Activation of regenerative processes in the liver when using cell-bone marrow total RNA

Objective: to study the cellular mechanisms of activation of regenerative processes in the liver when using total RNA (tRNA) of bone marrow cells (BMCs) based on an extended liver resection (ELR) model. Materials and methods. Male Wistar rats (n = 80) with ELR model (70%) were divided into 2 groups: group 1 (control group) had a single saline injection, while group 2 (experimental group) received a single tRNA injection at a 30 μg/100 g dose of animal weight. The biochemical parameters of liver function and weight were monitored over time. Also monitored were microstructural changes in hepatocytes 48 hours after ELR by examining mitotic activity, caspase-9 expression and morphometric parameters. Results. It was found that in group 2, in comparison to group 1, there was faster normalization of biochemical parameters (by 10–14 days), a higher mitotic index of hepatocytes (23.45‰ versus 5.37‰), and initially sharper decrease and then faster recovery of liver mass (by 10–12 days versus 18–20 days).
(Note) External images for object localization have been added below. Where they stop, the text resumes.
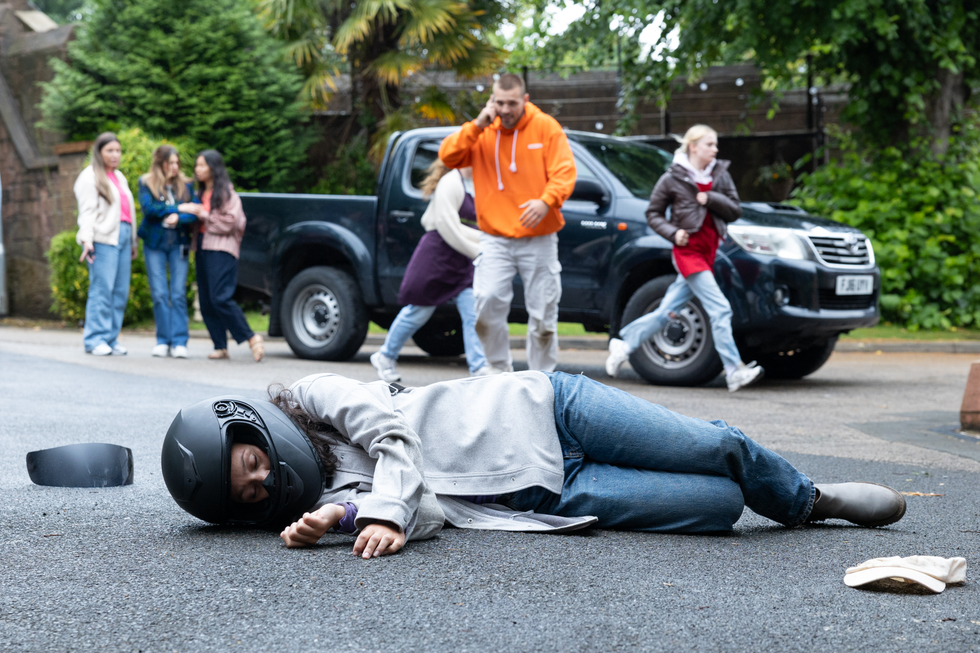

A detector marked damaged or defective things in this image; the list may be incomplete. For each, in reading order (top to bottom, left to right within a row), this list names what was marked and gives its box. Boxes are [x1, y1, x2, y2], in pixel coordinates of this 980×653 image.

broken visor piece on road [26, 444, 134, 484]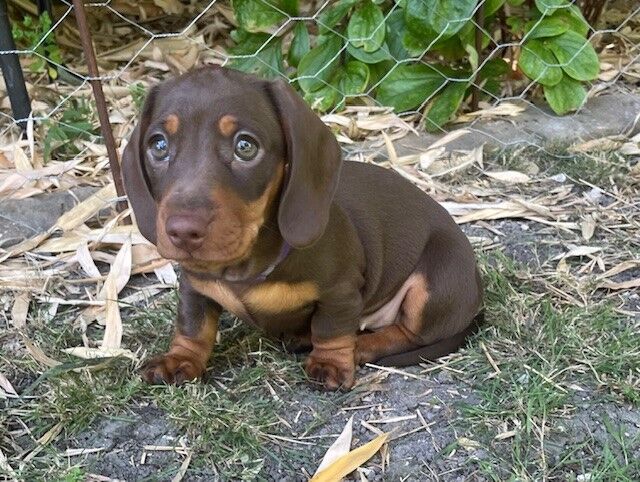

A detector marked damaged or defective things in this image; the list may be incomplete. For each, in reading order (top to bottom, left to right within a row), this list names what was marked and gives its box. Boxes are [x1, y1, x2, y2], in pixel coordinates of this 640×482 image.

rusty metal post [72, 0, 128, 213]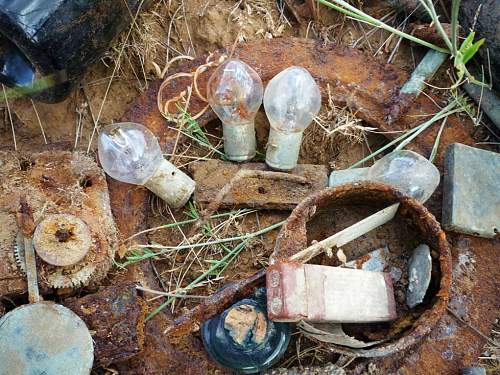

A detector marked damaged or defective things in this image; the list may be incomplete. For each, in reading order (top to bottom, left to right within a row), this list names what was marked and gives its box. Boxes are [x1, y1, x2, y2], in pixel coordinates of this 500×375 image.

corroded bulb socket [207, 58, 264, 162]
corroded bulb socket [264, 67, 322, 172]
rusted bolt [33, 214, 91, 268]
corroded bulb socket [33, 214, 92, 268]
corroded bulb socket [98, 124, 196, 210]
flaking rust [189, 160, 326, 210]
rusted metal sheet [190, 160, 328, 210]
rusty metal plate [190, 160, 328, 210]
corroded metal fragment [190, 160, 328, 210]
rusted metal bracket [113, 37, 500, 374]
flaking rust [115, 38, 498, 374]
rusted metal sheet [114, 38, 500, 374]
rusty metal plate [0, 304, 94, 374]
rusted metal sheet [65, 284, 145, 366]
corroded metal fragment [65, 284, 145, 366]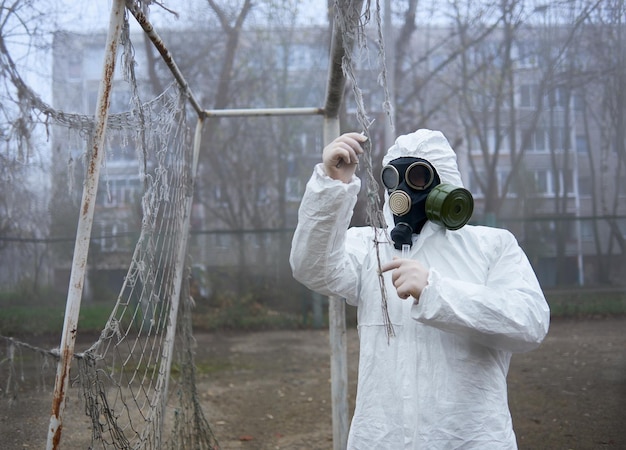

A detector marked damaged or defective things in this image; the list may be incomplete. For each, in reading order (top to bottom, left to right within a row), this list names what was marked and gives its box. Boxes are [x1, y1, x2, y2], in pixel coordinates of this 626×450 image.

Both groups showed almost total expression of caspase-9, including in mitotically splitting hepatocytes. Group 1 demonstrated decreased values of morphometric parameters of single and binuclear cells, decreased number of binucleated hepatocytes and increased total density of hepatocytes as compared to the intact liver. Intraperitoneal administration of tRNA increased morphometric parameters of mononuclear hepatocytes, did not affect their number, but increased the area of the nuclei of binuclear hepatocytes as compared to the control group. Conclusion. The proven capability of cell-bone marrow total RNA to simultaneously support apoptosis in liver cells after ELR and induce mitotic activity indicates that tRNA can switch activated apoptosis to cell proliferation at the early phase of the regenerative process. This effect may be due to the presence of regulatory RNA molecules in tRNA, including numerous non-coding RNAs.